In this morning’s report, payrolls lost only 247,000 jobs in July, a hundred thousand fewer than most forecasts and barely half of the June losses. This first-Friday monthly employment report gets more attention than any because jobs drive consumption and tax revenue. If too cold they drive recession, if too hot: inflation.
Today’s news has the normal-cyclical-recovery crowd as overjoyed as the stock market: the job market tends to turn after recessions have already ended, so this one must be over.
Weekly claims for unemployment insurance give a little support to the payroll surprise, down to the 550,000-575,000 range since the April peak at 668,000, but nothing as dramatic. June personal income completely reversed the stimulus-puffed May gain. The July Institute of Supply Management service-sector index surprised with its weakness, to 47 from 48.8.
NAR’s pending home sales surged 3.6 percent in June, but were not confirmed by other data. Purchase-loan applications are still flat. Distress is still growing in the pipeline: new Fannie/Freddie data have 90-day-plus delinquencies up from 1.12 percent last May to 3.27 percent one year later. Since last May, 420,000 foreclosure starts; at 3.27 percent currently 90-plus … that’s another 1 million loans going into the tank, Fannie/Freddie alone.
There is nothing unusual about an argument between cyclical optimism and this-time-it’s-different — every recession-end has one. However, the normal debate is about degree and timing: how strong the recovery, and how soon the Fed will reverse field. This debate is about whether — if we’ll recover in anything like a normal way. …CONTINUED
The extraordinary differences this time: No post-WWII cycle has had a financial system so broken (without capital, still) that it cannot convey Fed easing to the economy, nor have we ever borrowed so much so fast — partly intentional stimulus, partly because tax revenue has collapsed (off 18 percent) as never since the 1930s.
Take heart: It ain’t just us feeling around for policy in the dark.
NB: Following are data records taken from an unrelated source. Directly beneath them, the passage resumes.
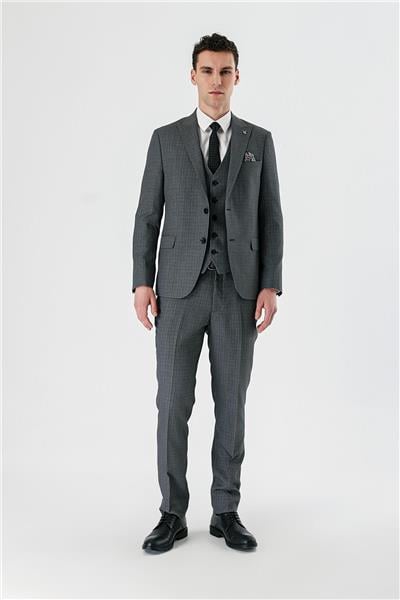 Siyah Desenli Kırlangıç Yaka Yelekli 6 Drop Slim Fit Dar Kesim Klasik Takım Elbise 1001240157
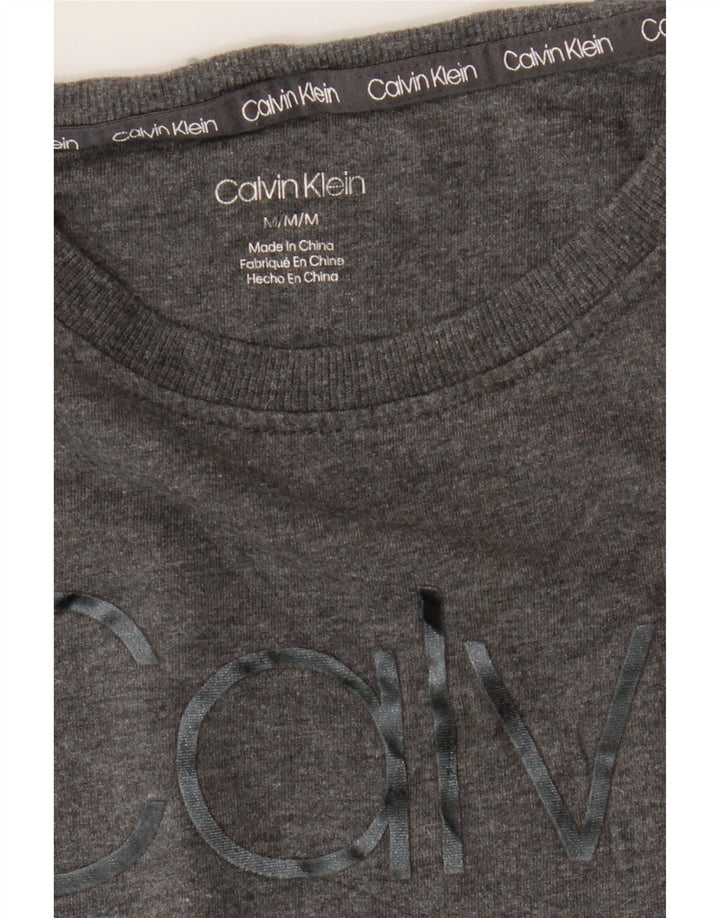 CALVIN KLEIN Womens Graphic Sweatshirt Jumper UK 14 Medium Grey Cotton Vintage Calvin Klein and Second-Hand Calvin Klein from Messina Hembry 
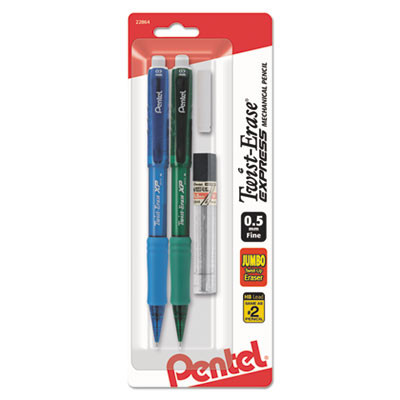 Twist-Erase Express Mechanical Pencils With Tube Of Leads/Eraser, 0.5 Mm, Hb (#2), Black Lead, (2) Assorted Barrel Colors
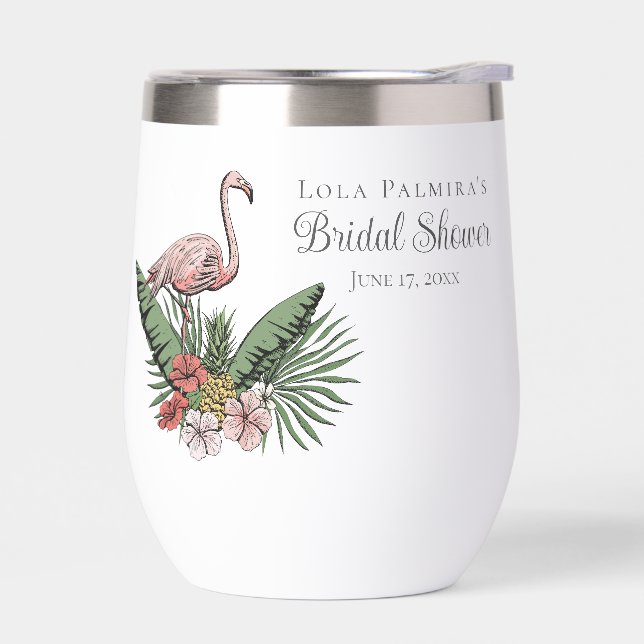 Tropical Floral Pink Flamingo Bridal Shower (Left)
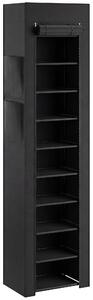 HOMCOM Scarpiera 10 Ripiani, Copertura Antipolvere, 20 Paia, 45x30x175 cm, Nero | Aosom Italy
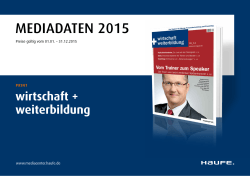 wirtschaft + weiterbildung Mediadaten 2015 (Print) (PDF | 368 KB)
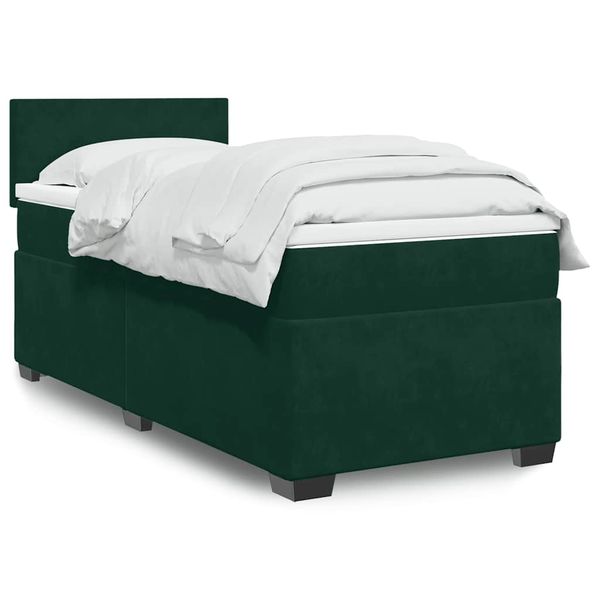 vidaXL Posteľný rám boxsping s matracom tmavozelený 100x200 cm zamat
Take China. Terrified of the threat to stability from any real recession, China last winter turned on the credit spigot, its banks making more loans in the first 90 days of 2009 than in all of 2008. Its real problem: a collapse in exports. That sector is three times the fraction of its economy compared to ours; its consumers only one-third.
The credit flood was intended to float China until U.S. demand for its exports returned; there is no increase in U.S. demand, and the flood has produced a sugar-high in China’s stocks and real estate. No one knows what will happen when the authorities turn off the spigot, as they must.
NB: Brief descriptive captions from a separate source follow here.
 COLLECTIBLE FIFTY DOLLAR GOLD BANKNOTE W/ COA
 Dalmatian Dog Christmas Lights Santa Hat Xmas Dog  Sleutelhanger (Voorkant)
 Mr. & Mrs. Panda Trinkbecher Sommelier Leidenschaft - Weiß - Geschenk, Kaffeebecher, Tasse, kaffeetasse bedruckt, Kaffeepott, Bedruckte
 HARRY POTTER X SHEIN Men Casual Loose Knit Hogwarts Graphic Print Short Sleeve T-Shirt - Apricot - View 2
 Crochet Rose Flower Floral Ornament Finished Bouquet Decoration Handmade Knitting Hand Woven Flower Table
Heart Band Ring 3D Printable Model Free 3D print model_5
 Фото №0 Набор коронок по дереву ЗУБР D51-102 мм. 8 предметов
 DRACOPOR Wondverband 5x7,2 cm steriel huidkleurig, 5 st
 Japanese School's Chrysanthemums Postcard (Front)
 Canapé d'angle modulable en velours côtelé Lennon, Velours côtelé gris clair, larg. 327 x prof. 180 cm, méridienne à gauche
Take Europe. Germany refuses any dramatic fiscal or monetary action, believing that this is just a big but normal cycle to be ridden out until U.S. demand for exports returns. The rest of Europe is going along, out of pride (France), strength (Scandinavia), fear of alternatives (Ireland, Spain, Italy, Portugal, Greece), and a bad idea (never, ever attempt monetary union without a unified budget and government).
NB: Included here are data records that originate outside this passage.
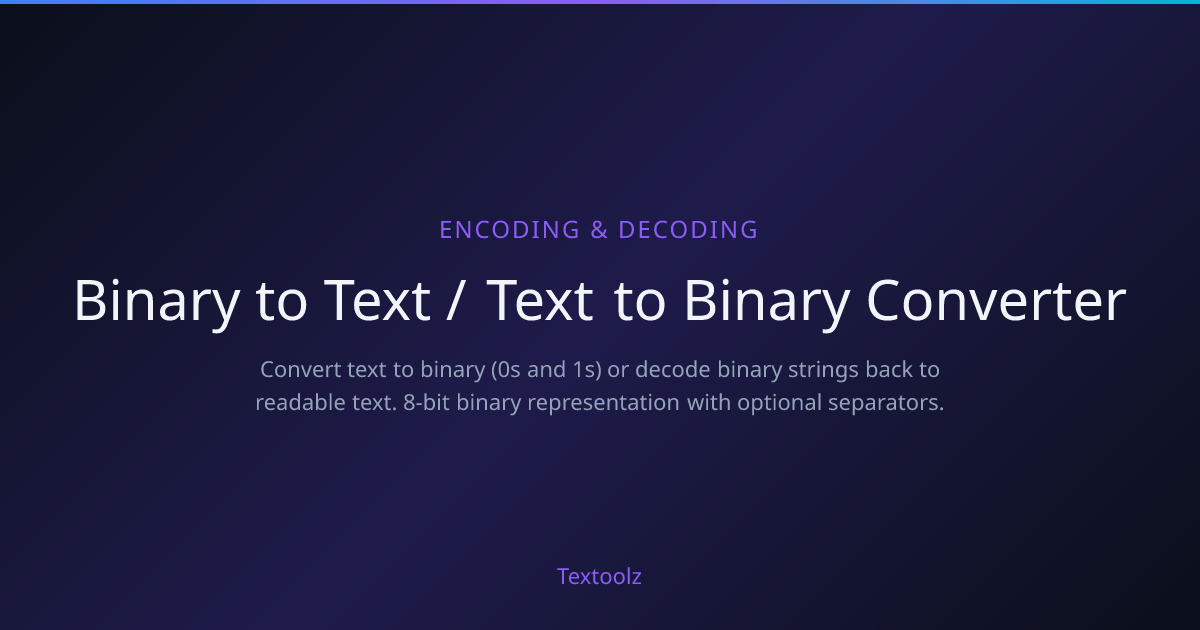 Binary to Text / Text to Binary Converter - Free Online Tool | Textoolz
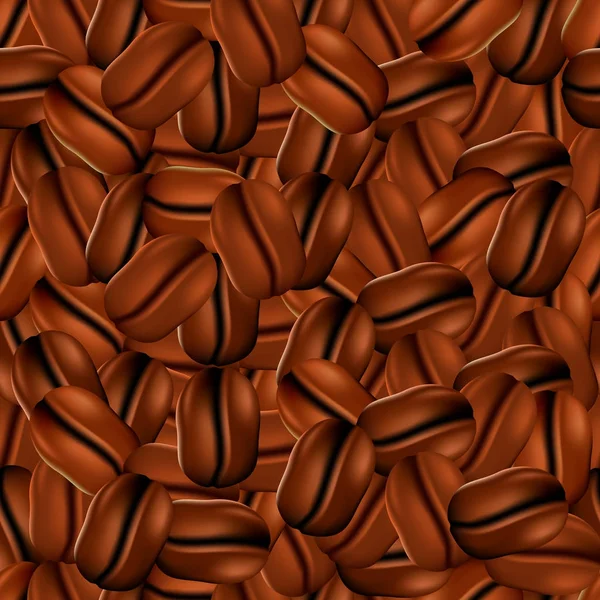 Sømløst mønster med kaffebønner – stockvektor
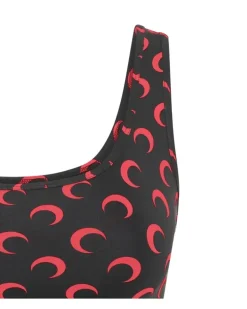 Sport-BH mit Sichelmond-Print - Schwarz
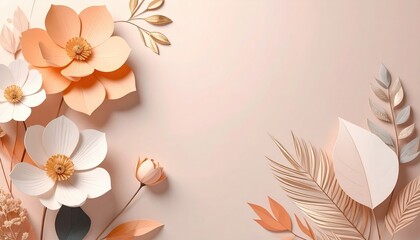 Delicate paper flower arrangement studio still life photography soft pastel background aesthetic view art and craft inspiration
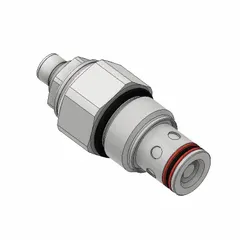 Steel, screw-adjustment, two-way manual directional control cartridge valve with C10-2 cavity size. Includes polyurethane seals. Suitable for hydraulic circuits requiring precise flow regulation in industrial machinery and mobile equipment.
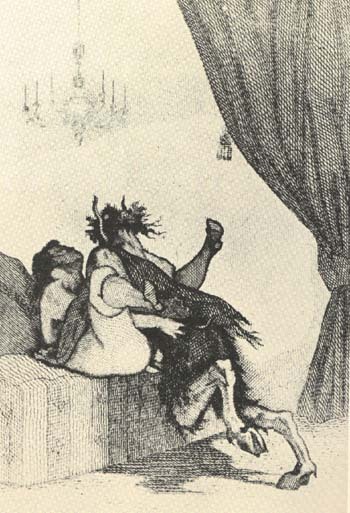 сатир трахает женщину в анус задрав ей ноги, эротическая гравюра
Europe is now in outright consumer-price deflation. Many here are disturbed at dollar weakness vs. the euro; never, ever wish your currency to stay as "strong" as one in price deflation.
Which leads to Japan, back in deflation, the yen "strengthening," which makes its collapsed exports too expensive. Nevertheless, Japan hopes that U.S. demand for exports will return. It has no other plan except life-support government spending, funded by selling bonds to its citizens — bonds that no one else will buy.
I share the world’s hopes for recovery of U.S. demand. However, the only ideas of ours that have worked are the $8,000 first-time homebuyer tax credit, the "Cash For SUVs and F-150s You Bought By Mistake" program, and Fed life support by imaginary money. I would feel better if the authorities here understood that the panic-stop to the credit binge still has us going through the windshield.
We can’t get this wrong: We are the world’s airbag.